**Diario Personal**
Hoy llegó mi marido a casa y, sin quitarse siquiera los zapatos ni el abrigo, anunció con voz firme:
María, tenemos que hablar en serio.
Se plantó frente a mí, contuvo un instante el aliento y, con los ojos más abiertos de lo habitual, soltó de golpe:
¡Me he enamorado!
*«Bueno, aquí llega la crisis de los cuarenta»*, pensé, resignada. *«Bienvenida al club»* Solo atiné a mirarlo con cierta ternura, algo que no hacía desde hacía años (¿cinco? ¿Seis? ¿O ya ocho?).
Dicen que antes de morir repasas toda tu vida en un instante, pero lo que a mí me vino a la mente fue toda la vida compartida con él. Nos conocimos de la forma más común: por internet. Yo resté tres años de mi edad, él añadió tres centímetros a su estatura, y así, con pequeños ajustes, conseguimos encajar en los criterios del otro. María, ya no recordaba quién escribió primero, pero sí que su mensaje destacó por su humor sutil y ausencia de vulgaridad, algo que me conquistó.

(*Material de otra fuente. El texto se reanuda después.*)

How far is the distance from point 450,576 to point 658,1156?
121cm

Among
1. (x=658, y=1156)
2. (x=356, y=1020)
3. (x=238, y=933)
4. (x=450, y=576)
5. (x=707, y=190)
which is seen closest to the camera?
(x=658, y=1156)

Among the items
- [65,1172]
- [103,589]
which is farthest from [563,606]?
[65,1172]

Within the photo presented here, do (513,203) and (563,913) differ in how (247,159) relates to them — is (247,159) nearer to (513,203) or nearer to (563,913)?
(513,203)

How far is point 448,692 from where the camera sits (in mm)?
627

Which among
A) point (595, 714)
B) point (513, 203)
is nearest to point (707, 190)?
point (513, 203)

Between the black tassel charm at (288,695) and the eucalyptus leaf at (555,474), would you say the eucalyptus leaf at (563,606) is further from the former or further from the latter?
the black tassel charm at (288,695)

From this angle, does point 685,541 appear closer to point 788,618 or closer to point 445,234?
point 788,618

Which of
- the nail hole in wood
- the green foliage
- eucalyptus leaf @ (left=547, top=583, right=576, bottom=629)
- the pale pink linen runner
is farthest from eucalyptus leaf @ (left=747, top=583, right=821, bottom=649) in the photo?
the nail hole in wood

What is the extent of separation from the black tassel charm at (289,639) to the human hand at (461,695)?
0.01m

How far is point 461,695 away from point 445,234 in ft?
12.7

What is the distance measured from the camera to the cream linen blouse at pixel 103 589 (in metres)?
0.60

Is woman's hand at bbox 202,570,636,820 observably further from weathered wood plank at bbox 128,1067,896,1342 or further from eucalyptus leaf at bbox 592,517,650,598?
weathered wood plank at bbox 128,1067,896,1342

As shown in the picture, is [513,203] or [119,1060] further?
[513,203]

A mis treinta y tres años, consciente de mi lugar en el “mercado de solteros”, sabía que no estaba en la última fila, pero casi. Para la primera cita, opté por no exagerar: un vestido sencillo, gafas de sol rosadas y ropa interior elegante. En el bolso, metí unas galletas caseras y un libro de Pérez Galdós.
La primera cita fluyó con sorprendente naturalidad (¡bendita elección de ropa!). Nuestra relación avanzó rápido y con entusiasmo. Nos divertíamos juntos, y tras seis meses de citas y la presión de unos padres desesperados por ser abuelos, él se armó de valor y me pidió matrimonio. Las familias se conocieron, las bodas se planearon en intimidad y, casi sin darnos cuenta, elegimos la primera fecha disponible en el registro civil.

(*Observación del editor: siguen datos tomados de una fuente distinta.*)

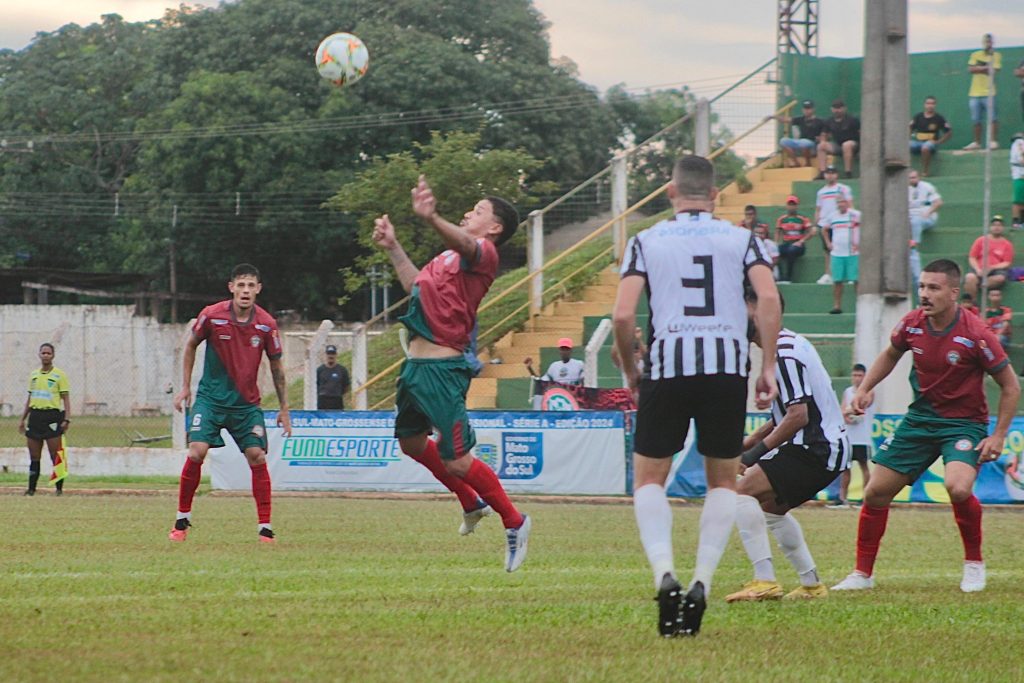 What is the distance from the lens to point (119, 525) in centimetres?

Nuestra vida juntos era estable. Un clima tropical sin grandes tormentas, sin pasiones desbocadas, pero con respeto mutuo. *¿Acaso no es eso la felicidad?* Él, como buen representante del género masculino, pronto abandonó el disfraz de “hombre emocional y romántico” y se instaló en su versión más auténtica: práctico, trabajador y cariñoso, siempre en chándal.
Yo, por mi parte, fui deshaciéndome poco a poco del corsé de “ama de casa intelectual y seductora”. Un embarazo inesperado aceleró el proceso, y antes de darme cuenta, cambié los tacones por un cómodo batín.

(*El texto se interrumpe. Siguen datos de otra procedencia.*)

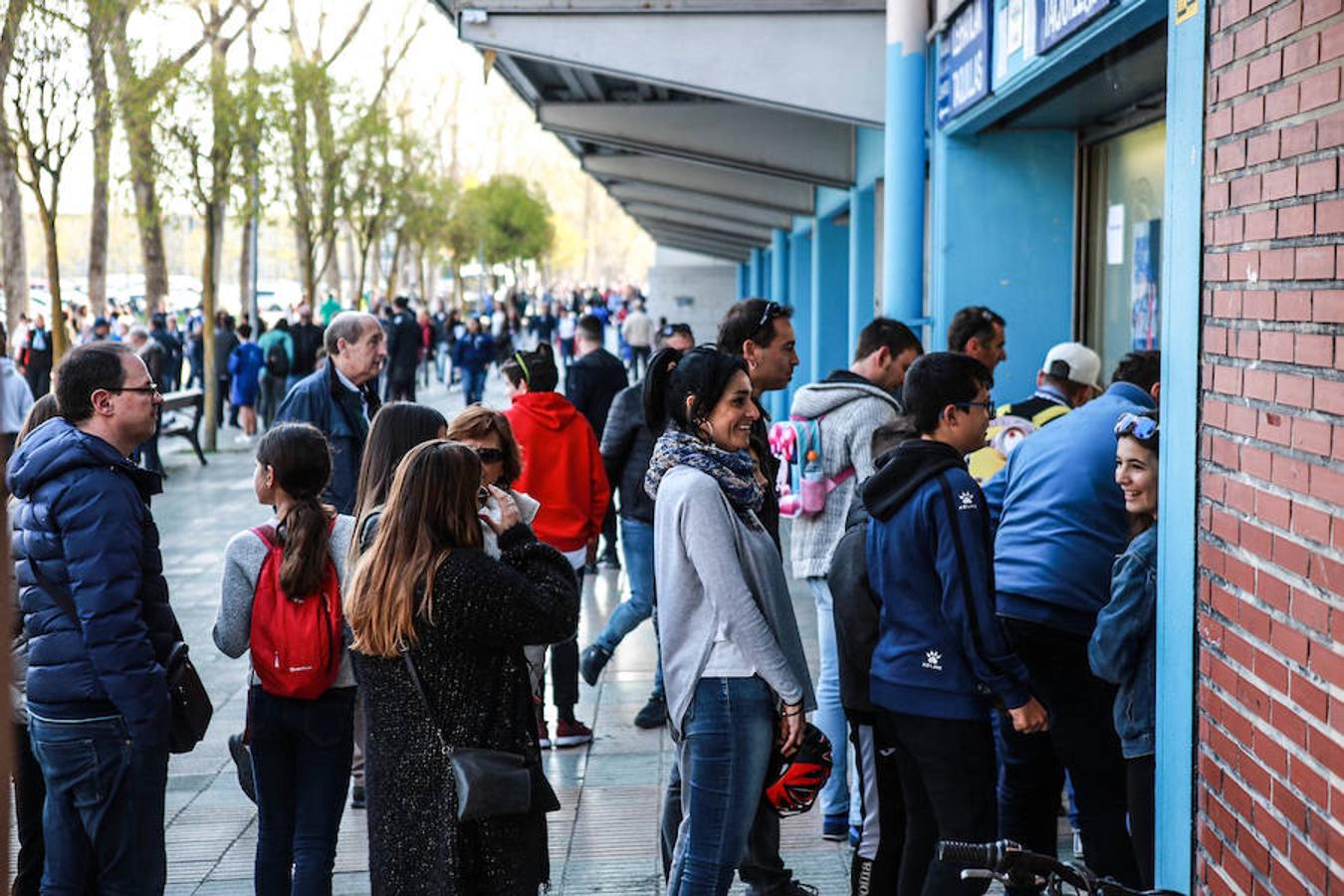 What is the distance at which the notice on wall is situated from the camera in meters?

Que ninguno echara de menos aquellas máscaras me confirmó que habíamos tomado la decisión correcta. La crianza de dos hijos, uno tras otro, zarandeó nuestro barco, pero nunca lo hundió. Tras cada tempestad, volvíamos a navegar en aguas tranquilas. Los abuelos ayudaban, el trabajo avanzaba sin prisas pero sin pausa, y aún encontrábamos tiempo para viajes y hobbies.
Doce años de matrimonio, y en todo ese tiempo, jamás lo había sospechado de infidelidad. Ni siquiera de un coqueteo inocente. Yo no era celosa, así que él podría haberse permitido alguna licencia sin consecuencias. A veces lo imaginaba flirteando y me reía sola, porque la imagen resultaba ridícula.
Y es que mi marido, tras varios intentos fallidos de halagar con palabras, había adoptado otra estrategia: el lenguaje silencioso de los ojos. Con los años, aprendí a leer en sus pupilas toda la gama de emociones: admiración, aprobación, sorpresa, confusión, frustración Ahora me lo imaginaba desplegando ese mismo repertorio ante su nueva musa, con las pupilas dilatándose como platos.
Bueno, ¿y cómo se llama tu ratoncita? pregunté, seca.
Sus ojos casi salieron de las órbitas. Se removió incómodo, balanceándose sobre los talones:
¿Cómo? ¿Cómo has? ¡No puede ser que lo hayas adivinado! Es que no pude evitarlo. Es preciosa, suave, delicada ¡y se parece a ti!
De su bolsillo sacó un pequeño ratón grisáceo, con orejas rosadas, un hociquito sonrosado y ojos como diminutas perlas negras.
Yo ya no escuché más. Lo observé a él, a su nueva compañera, a cómo la abrazaba con ternura, y sentí un alivio inmenso. De todas las criaturas del mundo, él había elegido enamorarse de un ratón que se parecía a mí.